Monday, May 4, 2009

Being Eve..


Often I wonder, If the things we tell our daughters are the things we would really like them to take to heart and follow. Or are we just carrying on without thinking, a timeless tradition of rules. As a daughter, and a kid, It was grilled into me that I am in no way less than any of the boys I study with, or play with. Being the only child, I had no competition at home. But mom was dexterous in finding enough competition for me outside. Studies being of paramount importance to the generation I belonged, I had to ensure that I was amongst the cream of the class. Her reason being, "So what if she's a girl? What difference is there between a girl and a boy in today's world? Girls can beat boys in any stream they choose to. They have the capacity to shine as much as the boys do." It was all good, this feminism and strife for success. But just a few years down the line, her lines changed. Now it said things like, "Career and all is fine, but you are a woman, a homemaker. Your foremost priority is to nurture your family and bring up good kids. You have to be the wind beneath your husband's wings, push him to reach heights. After all this if you have the time left in your hands you can do something work wise." Now this got me utterly confused. Here was my mother, who made me score the highest in each subject to outshine the boys of my class, only to tell me later that I got to be the wind beneath their blasted wings?? What about my wings? The ones I had carved based on her faith in my capacity?

This is not only me, but the feelings of a lot of women who are my contemporaries. We were brought up on the myth of feminism and the moment we were set to fly, our wings were clamped to the role of a model homemaker. Believe me, I have nothing against being a homemaker. Its the most gruelling and the most thankless job, if ever there was one. Also the most soul satisfying hugs come from here. But the training for this job is not what we got. The mindset was not made, We were not taught how to adapt to a new family, a new household, we were told to compete with boys and win. Careerist role models were pointed out to us. Indira Gandhi and kiran bedi were pointed out to us. Why didn't my mother let me take a closer look at her lifestyle?

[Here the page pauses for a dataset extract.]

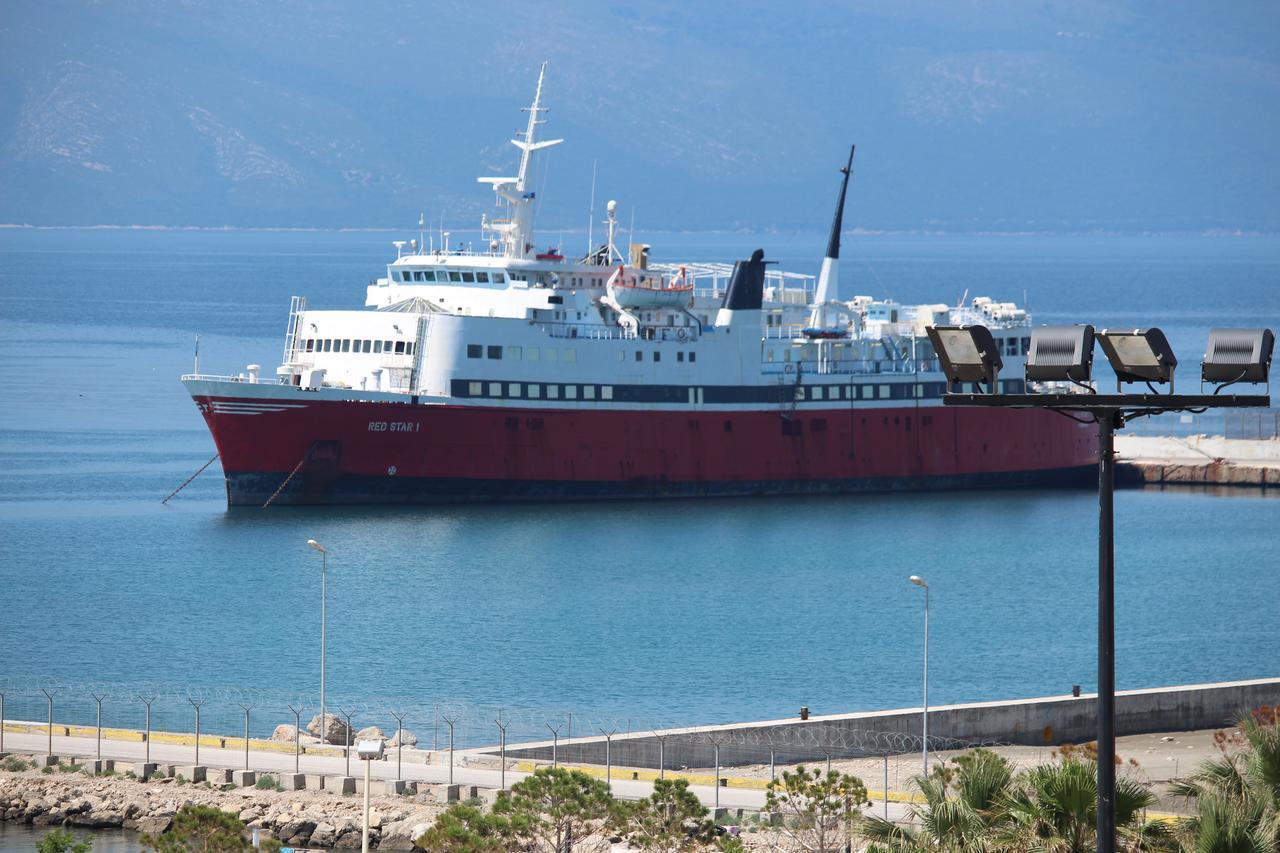 Vlorë Sea View Apartment מראה חיצוני תמונה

I am a mother now and and maybe on the threshold of repeating the same mistakes. I see the world changing around me, from the time I was a kid. Now probably marriage is beyond the realm of parental influence. to marry or not, when to do so, if at all , and with whom, is a decision that I am sure would not include me. Life is becoming tougher and the family is taking the brunt. But I hope that I stay away from giving my daughter confused theories about feminism. I am a staunch believer in the roles of man and woman. They were made different for a reason and they remain their best when they perform the roles they were intended to. Does that mean A girl should not pursue a rewarding career? Or does it mean that a man can never be a homemaker? It doesn't mean either. It just means that each individual should be equipped to do whatever it takes to overcome hurdles and live life to the best of their ability. It just means that you should be in a role that's most suitable to your core as a human being. To lead a life that gives peace and contentment at the end of the day. I hope I educate my daughter for the bliss of knowledge and not for a thriving career that she might have to unwillingly sacrifice at the altar of marriage.